Top of Records for the exercise

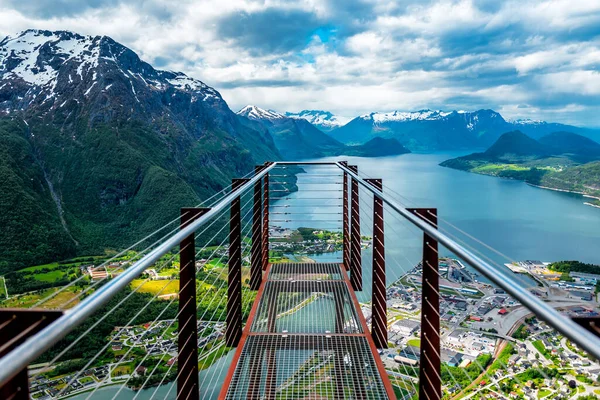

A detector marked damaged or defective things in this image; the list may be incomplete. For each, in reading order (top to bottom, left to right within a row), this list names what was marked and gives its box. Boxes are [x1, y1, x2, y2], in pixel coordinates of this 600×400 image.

rusted steel post [0, 310, 62, 400]
rusted steel post [177, 206, 210, 400]
rusted steel post [227, 179, 251, 346]
rusted steel post [366, 180, 390, 348]
rusted steel post [408, 209, 440, 400]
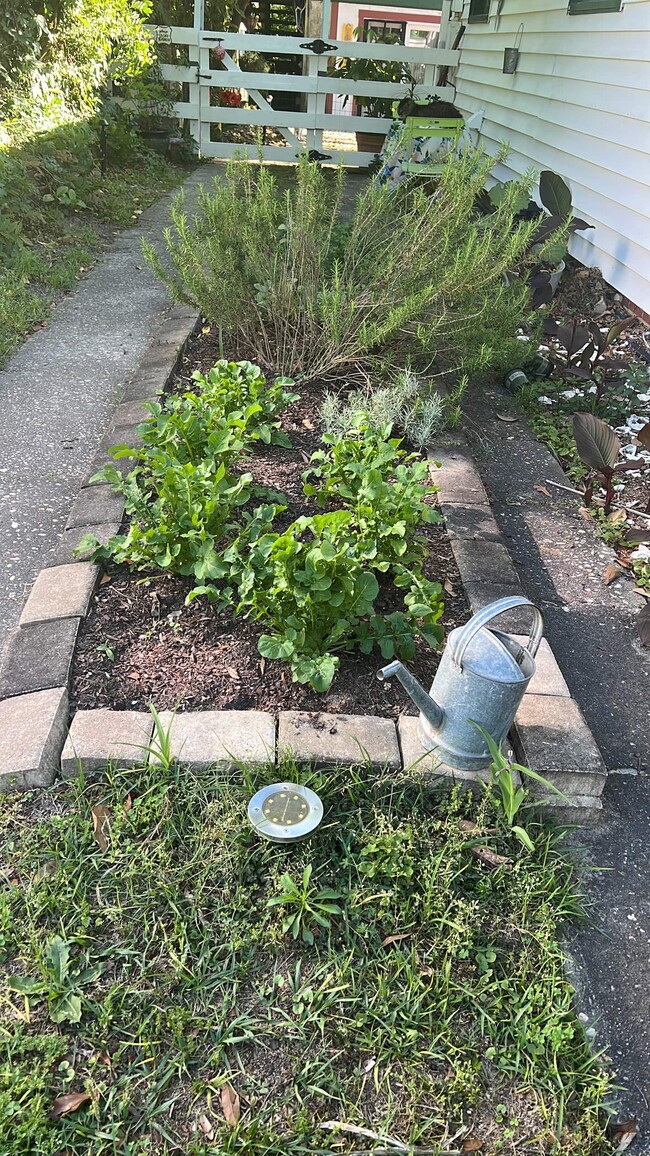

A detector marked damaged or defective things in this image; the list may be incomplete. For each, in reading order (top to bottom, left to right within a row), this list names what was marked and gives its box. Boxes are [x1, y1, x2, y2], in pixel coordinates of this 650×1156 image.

cracked concrete path [0, 160, 212, 661]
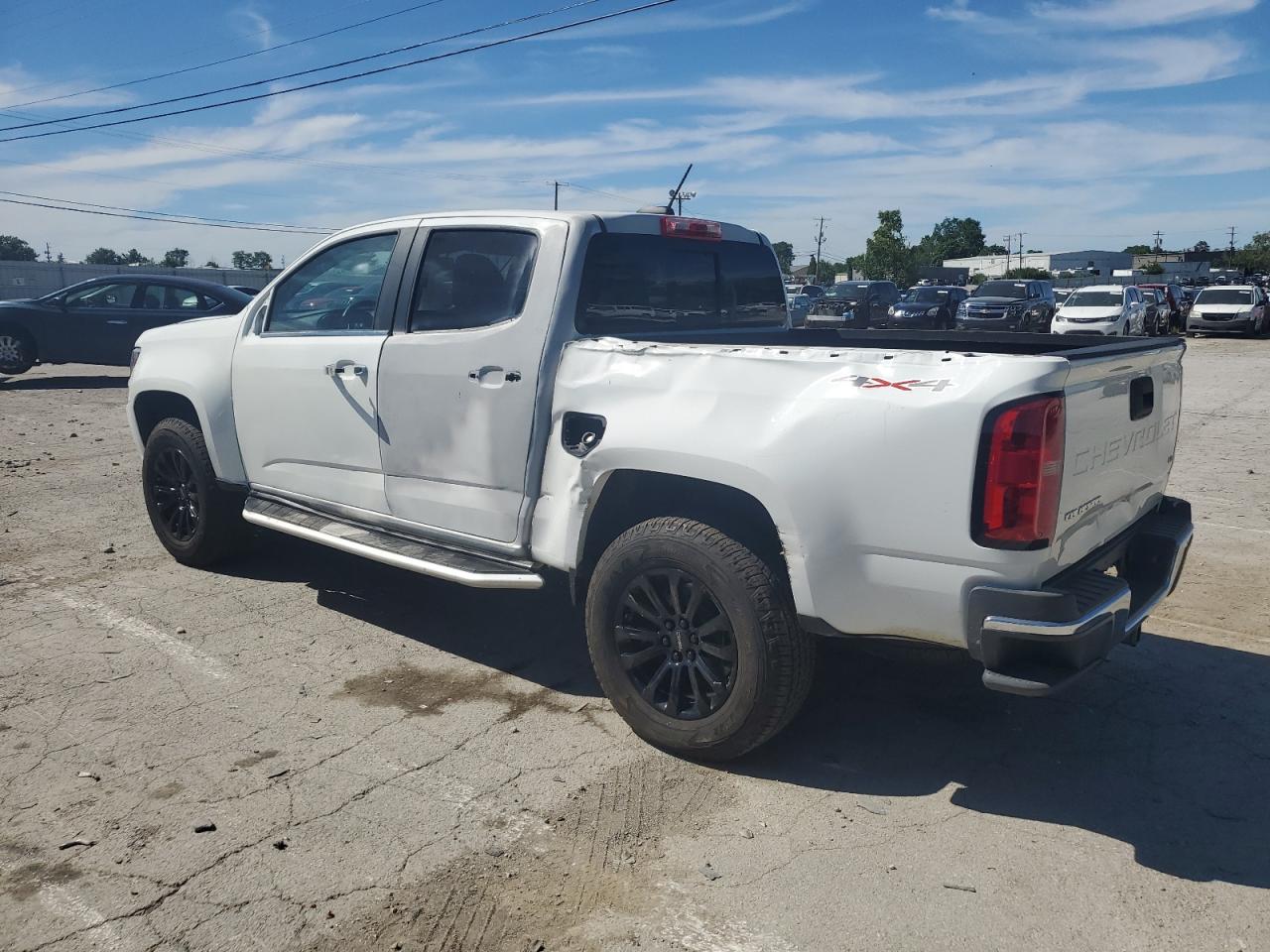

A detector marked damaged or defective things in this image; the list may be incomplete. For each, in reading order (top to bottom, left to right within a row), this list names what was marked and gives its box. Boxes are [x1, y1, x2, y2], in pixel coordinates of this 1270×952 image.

cracked pavement [2, 342, 1270, 952]
damaged rear quarter panel [528, 337, 1072, 650]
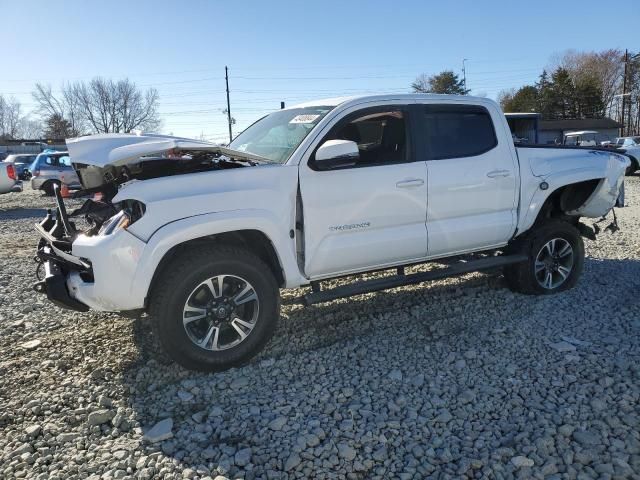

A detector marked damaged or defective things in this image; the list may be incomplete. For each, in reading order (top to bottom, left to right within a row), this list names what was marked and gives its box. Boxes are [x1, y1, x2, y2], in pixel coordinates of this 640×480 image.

detached bumper piece [33, 260, 89, 314]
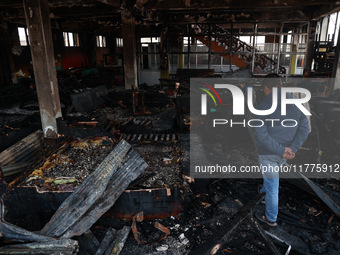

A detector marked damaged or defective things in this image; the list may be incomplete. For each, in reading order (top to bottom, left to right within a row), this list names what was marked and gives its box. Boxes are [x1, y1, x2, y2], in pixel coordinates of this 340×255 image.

damaged staircase [193, 24, 286, 74]
fire damage [0, 67, 338, 255]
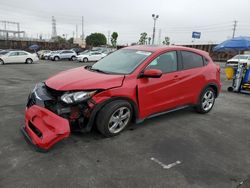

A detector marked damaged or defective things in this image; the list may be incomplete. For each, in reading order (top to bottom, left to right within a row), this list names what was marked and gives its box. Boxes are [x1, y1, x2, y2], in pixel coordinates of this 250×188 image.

detached bumper piece [21, 105, 70, 152]
crumpled front bumper [21, 105, 70, 152]
damaged front end [21, 82, 96, 151]
crumpled hood [45, 67, 124, 91]
damaged red suv [21, 46, 221, 151]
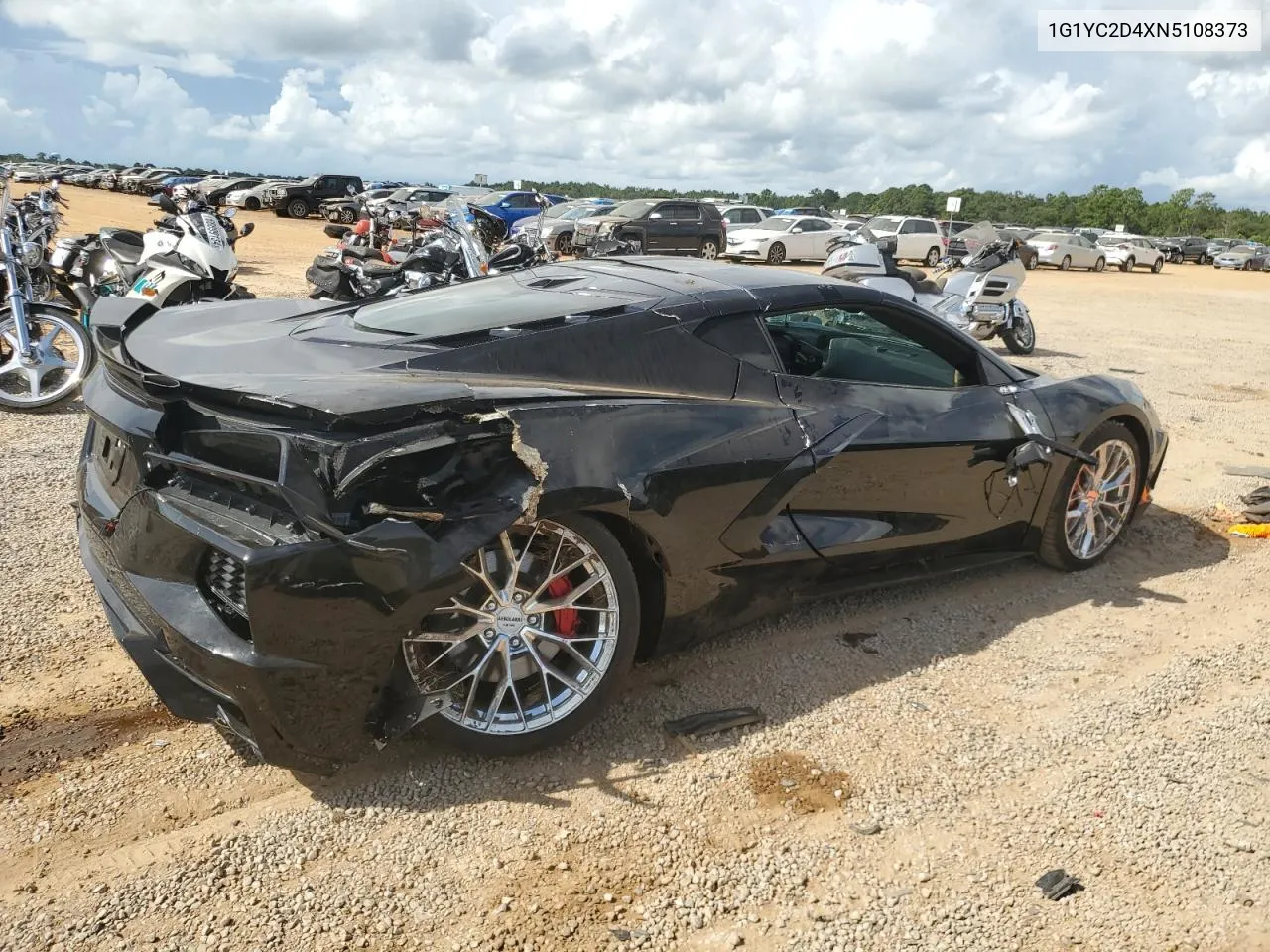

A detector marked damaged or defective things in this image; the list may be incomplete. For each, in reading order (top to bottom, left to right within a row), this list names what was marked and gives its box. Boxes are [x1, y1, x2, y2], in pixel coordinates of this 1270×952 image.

damaged front end [73, 357, 541, 776]
crumpled hood [92, 294, 594, 420]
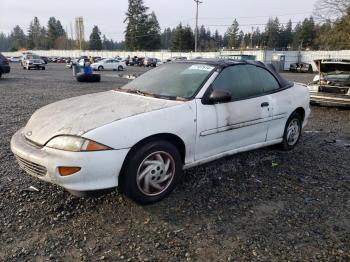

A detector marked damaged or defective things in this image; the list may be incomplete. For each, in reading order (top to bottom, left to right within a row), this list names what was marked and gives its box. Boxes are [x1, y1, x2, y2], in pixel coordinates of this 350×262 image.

damaged car in background [10, 59, 310, 205]
damaged car in background [308, 58, 350, 107]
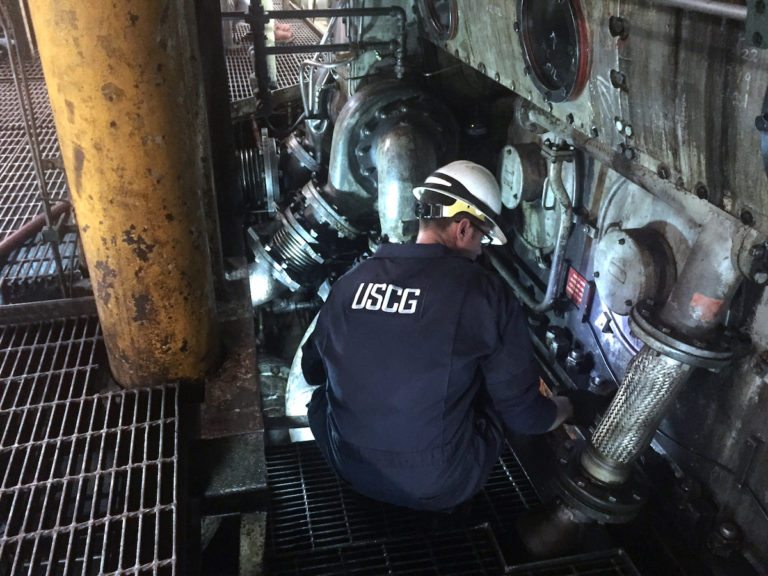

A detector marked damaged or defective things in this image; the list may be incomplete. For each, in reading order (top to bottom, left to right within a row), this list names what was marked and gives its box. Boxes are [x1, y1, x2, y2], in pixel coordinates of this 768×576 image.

rusted metal surface [26, 1, 219, 388]
rusty pipe section [27, 1, 219, 388]
rusty pipe section [378, 125, 438, 242]
rusted metal surface [438, 1, 768, 228]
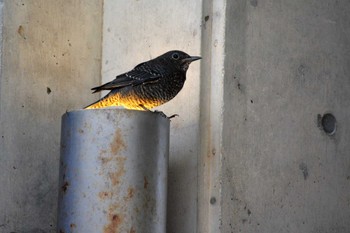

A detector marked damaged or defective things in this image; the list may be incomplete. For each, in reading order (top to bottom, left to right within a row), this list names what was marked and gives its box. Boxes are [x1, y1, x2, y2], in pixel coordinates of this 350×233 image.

rust stain [110, 129, 126, 155]
rust stain [109, 156, 127, 187]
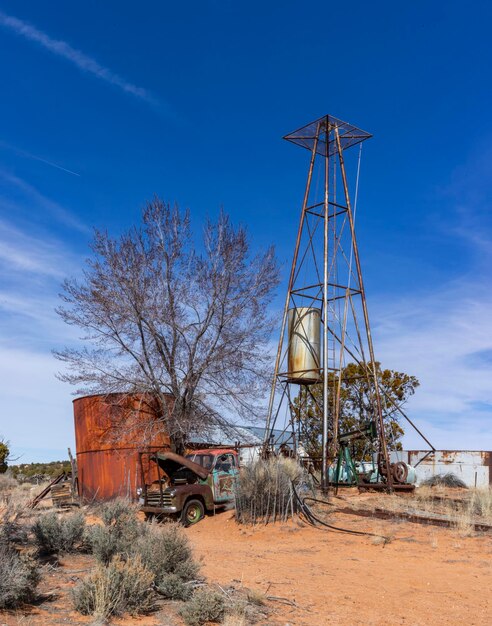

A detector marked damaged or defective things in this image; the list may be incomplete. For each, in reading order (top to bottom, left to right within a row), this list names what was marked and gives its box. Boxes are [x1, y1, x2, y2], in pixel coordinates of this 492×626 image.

rusty cylindrical water tank [286, 304, 320, 382]
rusted metal tank panel [286, 306, 320, 382]
rusted metal tank panel [73, 390, 171, 502]
rusty cylindrical water tank [73, 392, 172, 500]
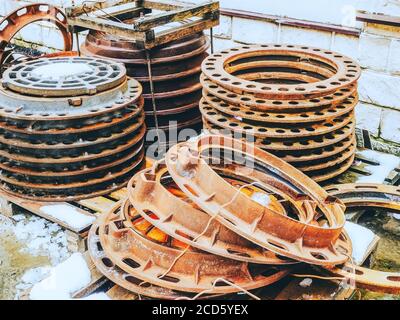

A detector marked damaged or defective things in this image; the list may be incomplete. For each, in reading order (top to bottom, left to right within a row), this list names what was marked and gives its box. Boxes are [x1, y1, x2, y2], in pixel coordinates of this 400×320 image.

rusty metal ring [0, 3, 72, 65]
rusty metal ring [202, 43, 360, 99]
rusty metal ring [97, 201, 290, 294]
rusty metal ring [164, 134, 352, 264]
rusty metal ring [326, 184, 400, 294]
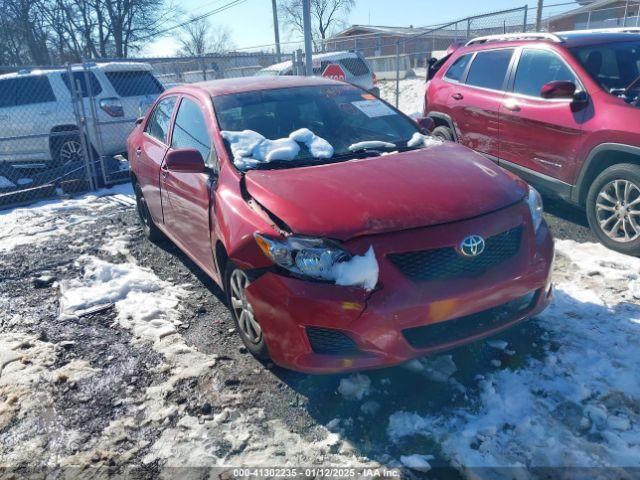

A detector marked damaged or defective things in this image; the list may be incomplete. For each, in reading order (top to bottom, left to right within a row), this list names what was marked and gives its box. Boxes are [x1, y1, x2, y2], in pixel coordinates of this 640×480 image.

broken headlight [254, 233, 350, 282]
crumpled hood [242, 142, 528, 240]
damaged front bumper [245, 201, 556, 374]
broken headlight [528, 186, 544, 232]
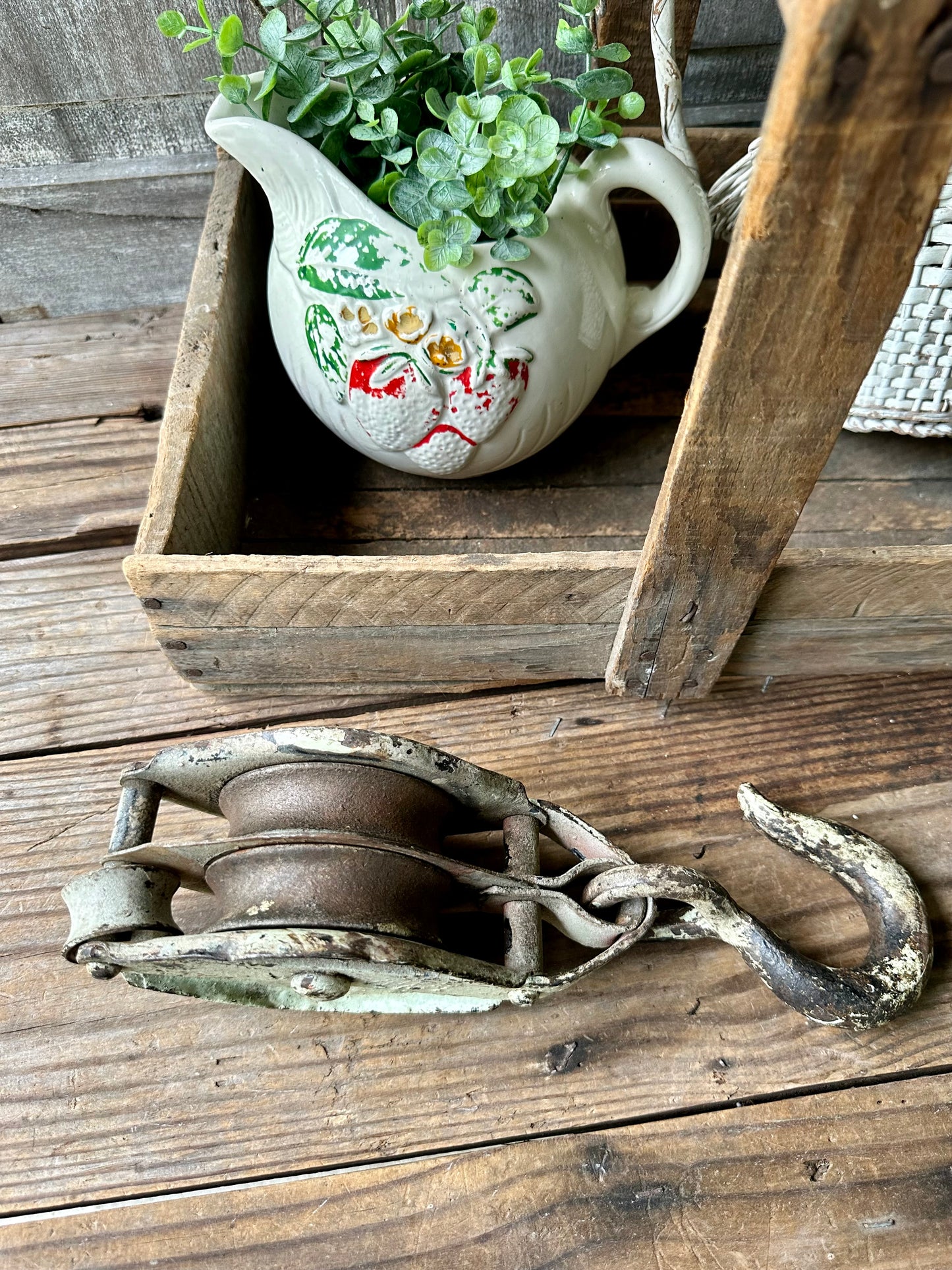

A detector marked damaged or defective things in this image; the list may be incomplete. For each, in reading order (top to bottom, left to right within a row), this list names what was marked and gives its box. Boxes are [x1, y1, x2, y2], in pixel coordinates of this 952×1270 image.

Bottom of Records for the exercise

Pictures stay out. Write out everything else in the material exactly.

* Answer
A detector marked damaged or defective things in this image; the list may be incomplete. For each, in reading order (top to bottom, left to right within a row), this list names what was marked and gives its box. Boxes are [x1, y1, x2, y2], in pixel coordinates of this 600×400 image.

rusted steel post [0, 310, 62, 400]
rusted steel post [177, 206, 210, 400]
rusted steel post [227, 179, 251, 346]
rusted steel post [366, 180, 390, 348]
rusted steel post [408, 209, 440, 400]

A detector marked damaged or defective things in this image; the list may be incomplete. For each, in reading order (top to bottom, left to right within a row), this list names what was marked and gives its box. Boxes are [x1, y1, x2, y2], in pixel coordinates of this 650×1156 image.

cracked concrete path [0, 160, 212, 661]

A detector marked damaged or defective things in this image; the list may be incomplete. For each, in reading order (top to bottom, left to right within a row), this list names what was marked and gives its box. Boxes are [x1, y1, x2, y2], in pixel coordinates of this 1270×952 image.

cracked pavement [2, 342, 1270, 952]
damaged rear quarter panel [528, 337, 1072, 650]

A detector marked damaged or defective things in this image; the list may be incomplete. For each, in reading order (top to bottom, left to right within a row), this list names what was marked and gives its box. Boxes are [x1, y1, x2, y2], in pixel coordinates of this 640×480 image.

detached bumper piece [33, 260, 89, 314]

A detector marked damaged or defective things in this image; the list may be incomplete. For each, in reading order (top to bottom, left to right within a row), this list names what was marked and gives its box. Boxes are [x1, y1, x2, y2], in pixel coordinates of this 340×255 image.

damaged staircase [193, 24, 286, 74]
fire damage [0, 67, 338, 255]

A detector marked damaged or defective things in this image; the list may be incomplete. For each, in reading order (top to bottom, left to right within a row), this list names what was marked and gives its box. Boxes are [x1, y1, x2, y2], in pixel coordinates of this 250×188 image.

detached bumper piece [21, 105, 70, 152]
crumpled front bumper [21, 105, 70, 152]
damaged front end [21, 82, 96, 151]
crumpled hood [45, 67, 124, 91]
damaged red suv [21, 46, 221, 151]

A detector marked damaged or defective things in this image; the list may be incomplete. For each, in reading order (top to bottom, left to right within a row), this list names what was marked and gives its box. Boxes are [x1, y1, x2, y2], in pixel coordinates of this 1270×952 image.

damaged front end [73, 357, 541, 776]
crumpled hood [92, 294, 594, 420]

A detector marked damaged or defective things in this image; the list may be incomplete. For each, in reading order (top to bottom, left to right within a row), this list names what was marked and gives its box. Boxes are [x1, y1, x2, y2], in pixel coordinates of this 350×262 image.

damaged car in background [10, 59, 310, 205]
damaged car in background [308, 58, 350, 107]

A detector marked damaged or defective things in this image; the list may be incomplete. For each, in reading order (top to bottom, left to right within a row), this list names what was marked and gives its box. Boxes are [x1, y1, x2, y2], in pixel coordinates of this 768×576 image.

rusted metal surface [26, 1, 219, 388]
rusty pipe section [27, 1, 219, 388]
rusty pipe section [378, 125, 438, 242]
rusted metal surface [438, 1, 768, 228]

A detector marked damaged or defective things in this image; the list may be incomplete. For each, in reading order (top to bottom, left to right within a row), this list names what was marked and gives its box. Boxes are [x1, y1, x2, y2], in pixel coordinates of this 350×233 image.

rust stain [110, 129, 126, 155]
rust stain [109, 156, 127, 187]

A detector marked damaged or defective things in this image; the list may be incomplete. For each, in reading order (top to bottom, left to right within a row), this list names what was marked and gives its box. Boxes are [x1, y1, x2, y2], in pixel coordinates of this 492×626 image.

rusty cylindrical water tank [286, 304, 320, 382]
rusted metal tank panel [286, 306, 320, 382]
rusted metal tank panel [73, 390, 171, 502]
rusty cylindrical water tank [73, 392, 172, 500]

A detector marked damaged or defective things in this image; the list may be incomplete. For each, in reading order (top to bottom, left to right within a row), this list names what was marked and gives its box. Boxes are [x1, y1, x2, y2], in pixel coordinates of this 400×320 image.

rusty metal ring [0, 3, 72, 65]
rusty metal ring [202, 43, 360, 99]
rusty metal ring [97, 201, 290, 294]
rusty metal ring [164, 134, 352, 264]
rusty metal ring [326, 184, 400, 294]

A detector marked damaged or defective things in this image; the list may be incomplete. For each, in reading order (top to bottom, left to right within a row), this list names what was marked and gives its box. Boxes are [x1, y1, x2, y2], in pixel coordinates of this 640×480 image.

broken headlight [254, 233, 350, 282]
crumpled hood [242, 142, 528, 240]
damaged front bumper [245, 201, 556, 374]
broken headlight [528, 186, 544, 232]

A detector marked damaged or defective things in this image; the list may be incomplete. For each, in reading order (top to bottom, left to right within a row), this list names what was marked and gives its box. Boxes are [x1, y1, x2, y2], in pixel coordinates of this 952×1270 image.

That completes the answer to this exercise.